Directions
From the first line to the last, copy the material word for word; pictures stay out.

Recorded data
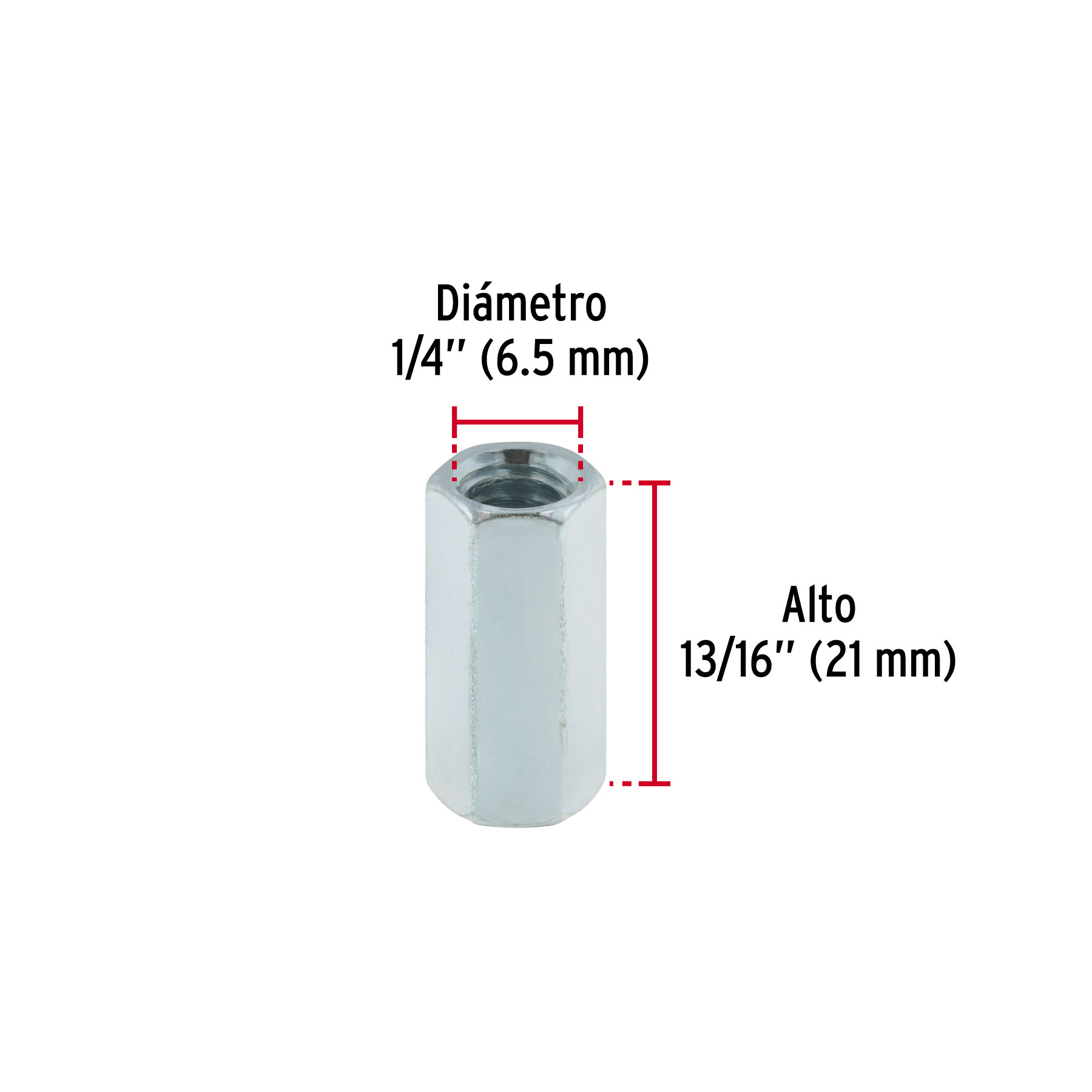 Bolsa con 5 tuercas cople, 1/4' acero galvanizado , FIERO - Imagen 3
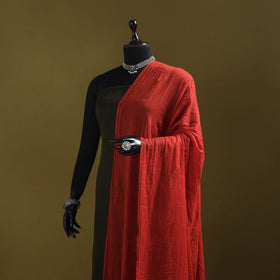 Red - kota doria cotton hand embroidered lucknowi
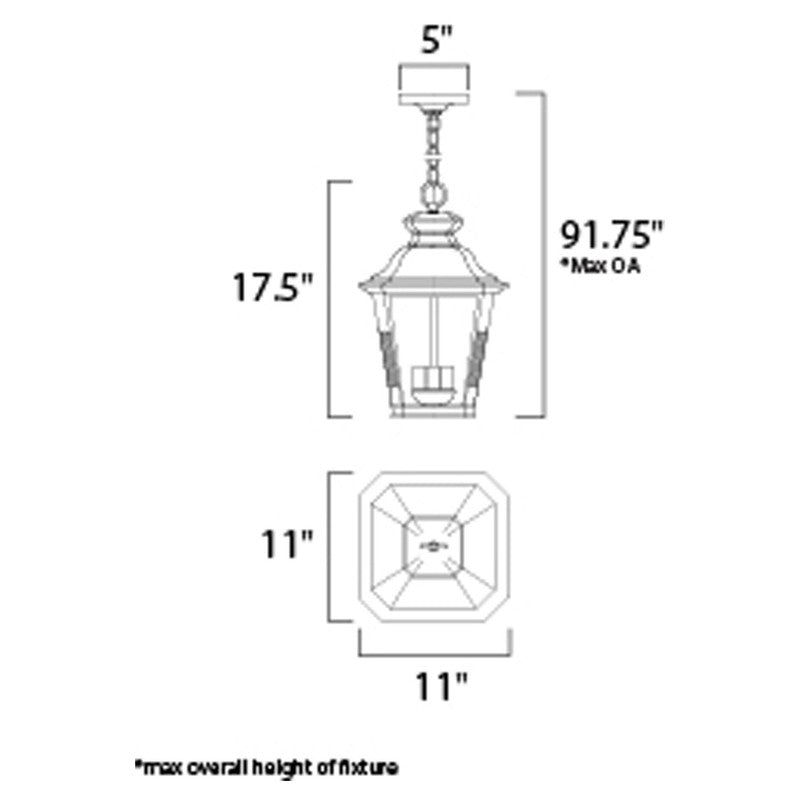 Maxim 1139CLBZ - Knoxville 3 Light 18" Pendant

Task result
 Bolsa con 5 tuercas cople, 1/4' acero galvanizado , FIERO - Imagen 3
 Red - kota doria cotton hand embroidered lucknowi
 Maxim 1139CLBZ - Knoxville 3 Light 18" Pendant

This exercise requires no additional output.